┌────────

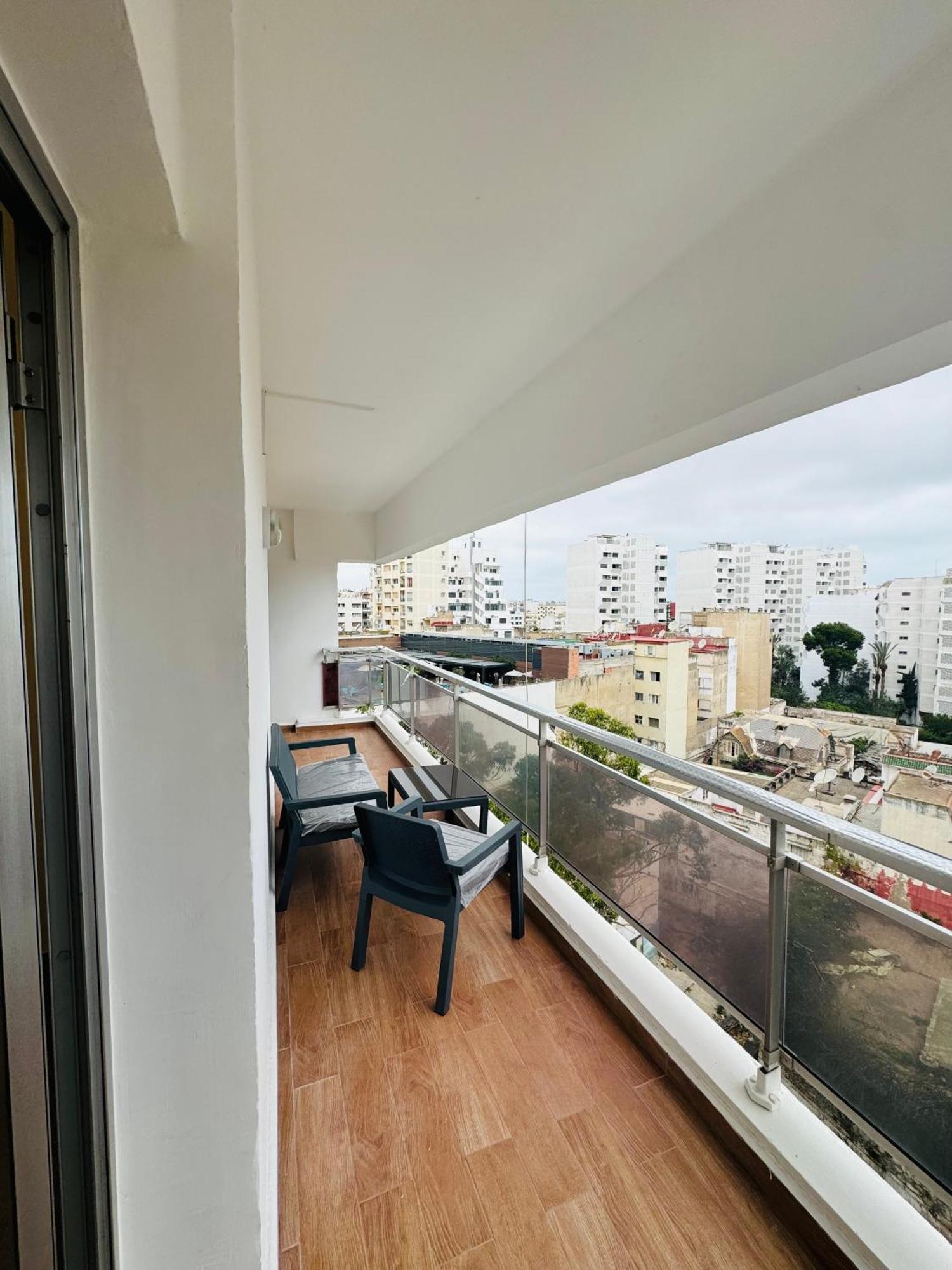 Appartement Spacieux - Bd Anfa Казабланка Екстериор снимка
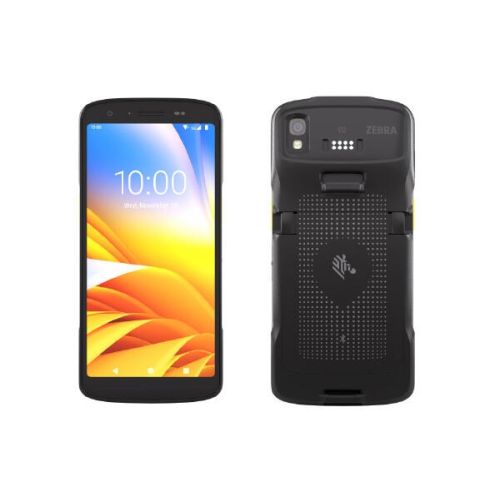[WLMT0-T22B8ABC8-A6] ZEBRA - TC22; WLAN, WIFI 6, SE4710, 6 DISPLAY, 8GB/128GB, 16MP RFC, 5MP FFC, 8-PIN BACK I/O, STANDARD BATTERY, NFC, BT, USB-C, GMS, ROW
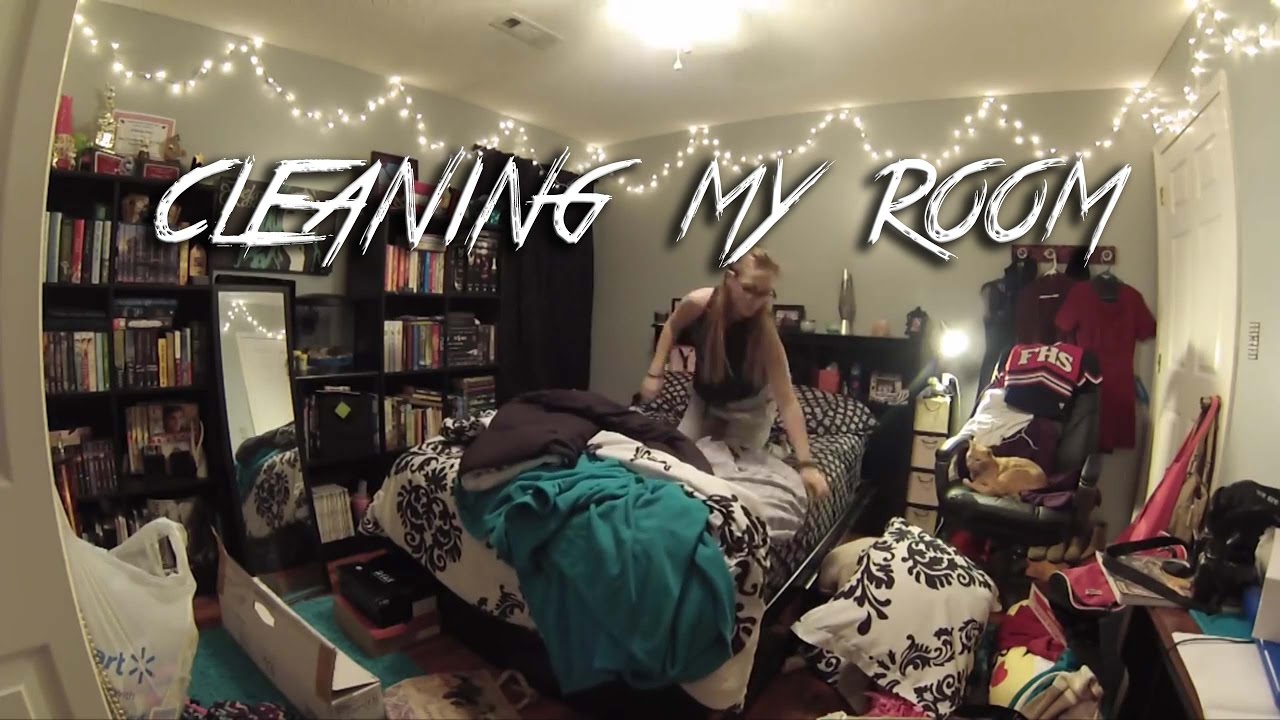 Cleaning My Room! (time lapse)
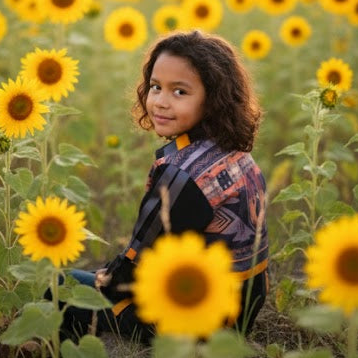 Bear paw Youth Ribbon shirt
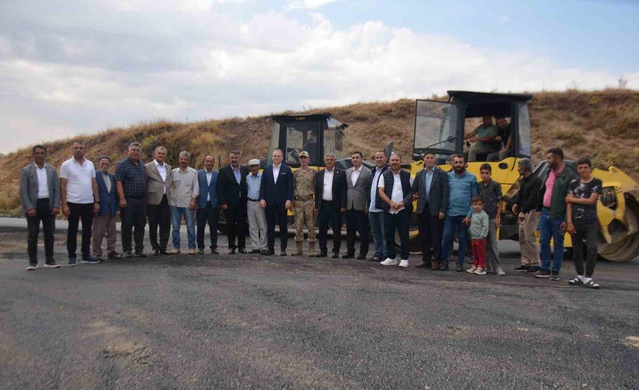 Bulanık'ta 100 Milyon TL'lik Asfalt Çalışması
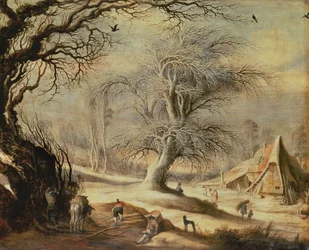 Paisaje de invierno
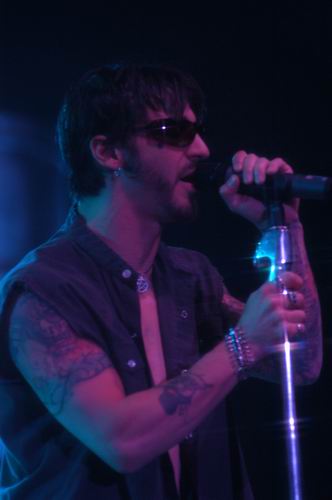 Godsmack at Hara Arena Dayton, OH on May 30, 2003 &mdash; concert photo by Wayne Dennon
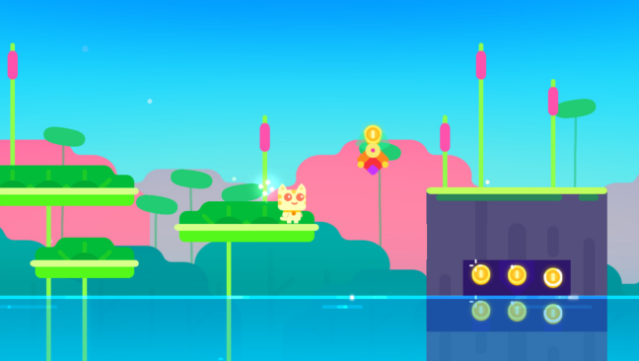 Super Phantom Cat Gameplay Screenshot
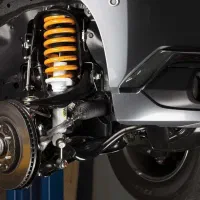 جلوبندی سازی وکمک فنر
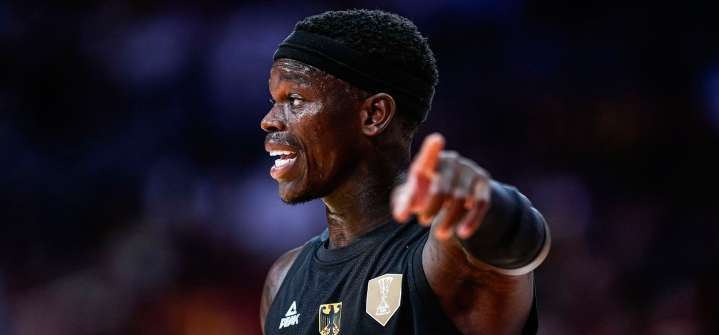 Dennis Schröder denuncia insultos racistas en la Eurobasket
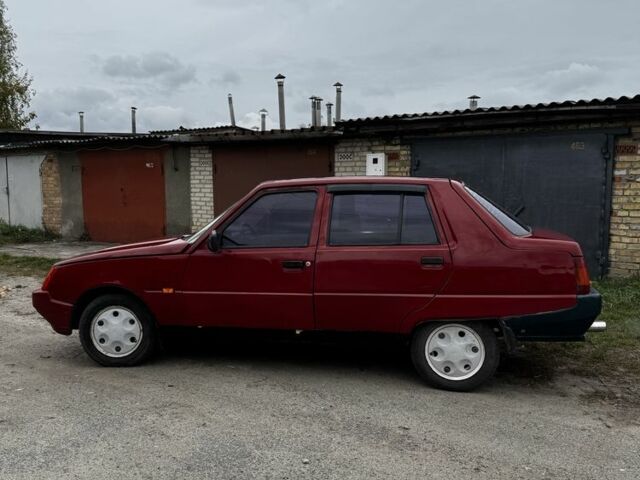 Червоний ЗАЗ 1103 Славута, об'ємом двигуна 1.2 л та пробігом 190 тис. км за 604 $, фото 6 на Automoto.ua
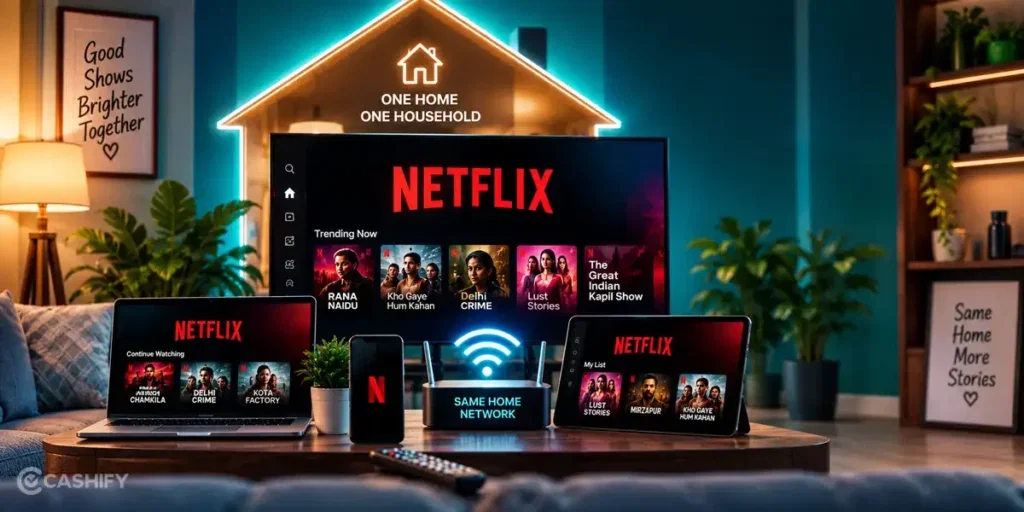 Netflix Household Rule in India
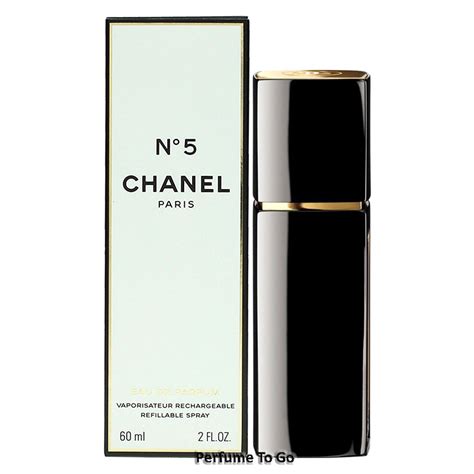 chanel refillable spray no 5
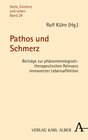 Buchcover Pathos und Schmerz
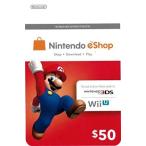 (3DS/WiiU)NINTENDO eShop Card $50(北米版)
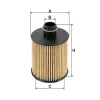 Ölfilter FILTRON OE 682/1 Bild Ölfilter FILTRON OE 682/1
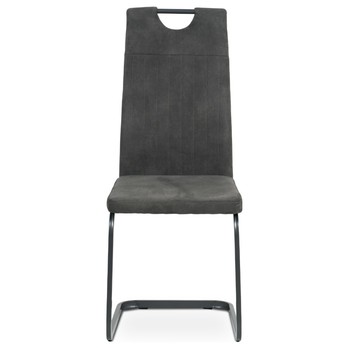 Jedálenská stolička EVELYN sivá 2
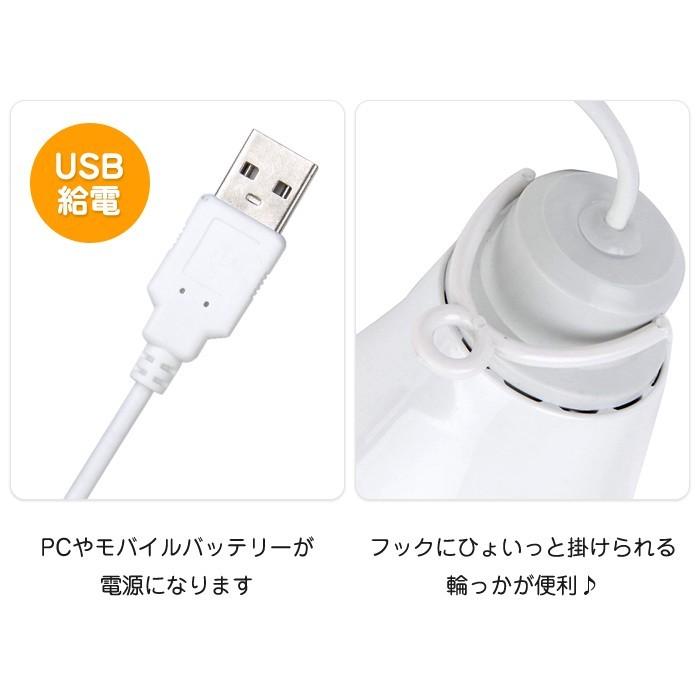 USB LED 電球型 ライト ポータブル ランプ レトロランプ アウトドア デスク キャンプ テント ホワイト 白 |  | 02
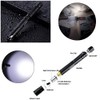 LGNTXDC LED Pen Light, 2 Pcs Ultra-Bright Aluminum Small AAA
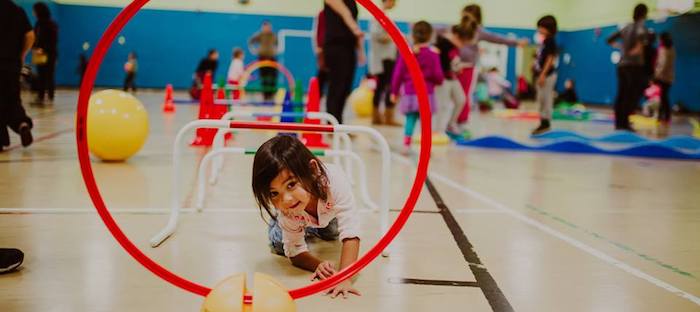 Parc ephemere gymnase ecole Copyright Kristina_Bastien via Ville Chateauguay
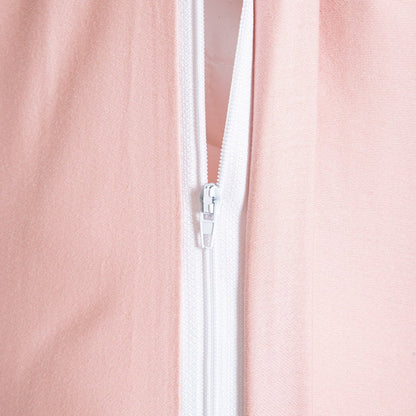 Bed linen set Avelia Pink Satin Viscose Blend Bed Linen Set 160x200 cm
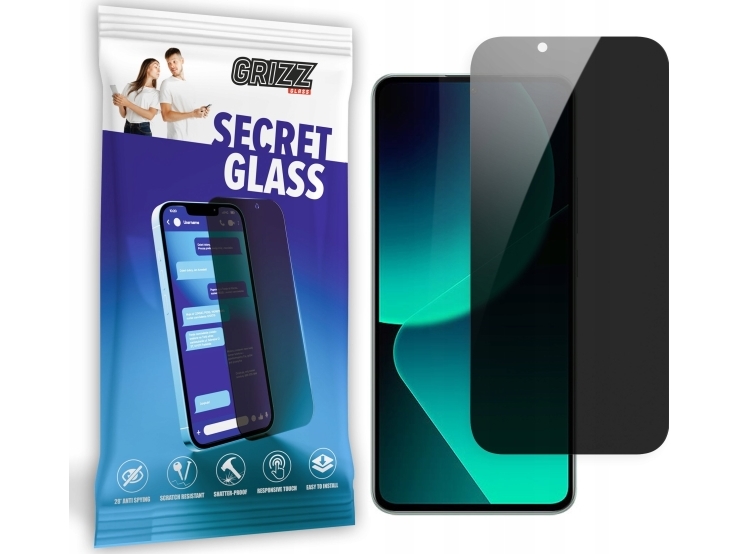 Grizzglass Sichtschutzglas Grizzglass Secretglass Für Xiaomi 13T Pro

└────────

Repeat, without pictures, exactly the lines of the data above from the one containing "Bear paw Youth Ribbon shirt" through the one containing "LGNTXDC LED Pen", including both and adding nothing.

 Bear paw Youth Ribbon shirt
 Bulanık'ta 100 Milyon TL'lik Asfalt Çalışması
 Paisaje de invierno
 Godsmack at Hara Arena Dayton, OH on May 30, 2003 &mdash; concert photo by Wayne Dennon
 Super Phantom Cat Gameplay Screenshot
 جلوبندی سازی وکمک فنر
 Dennis Schröder denuncia insultos racistas en la Eurobasket
 Червоний ЗАЗ 1103 Славута, об'ємом двигуна 1.2 л та пробігом 190 тис. км за 604 $, фото 6 на Automoto.ua
 Netflix Household Rule in India
 chanel refillable spray no 5
 Buchcover Pathos und Schmerz
 (3DS/WiiU)NINTENDO eShop Card $50(北米版)
 Ölfilter FILTRON OE 682/1 Bild Ölfilter FILTRON OE 682/1
 Jedálenská stolička EVELYN sivá 2
 USB LED 電球型 ライト ポータブル ランプ レトロランプ アウトドア デスク キャンプ テント ホワイト 白 |  | 02
 LGNTXDC LED Pen Light, 2 Pcs Ultra-Bright Aluminum Small AAA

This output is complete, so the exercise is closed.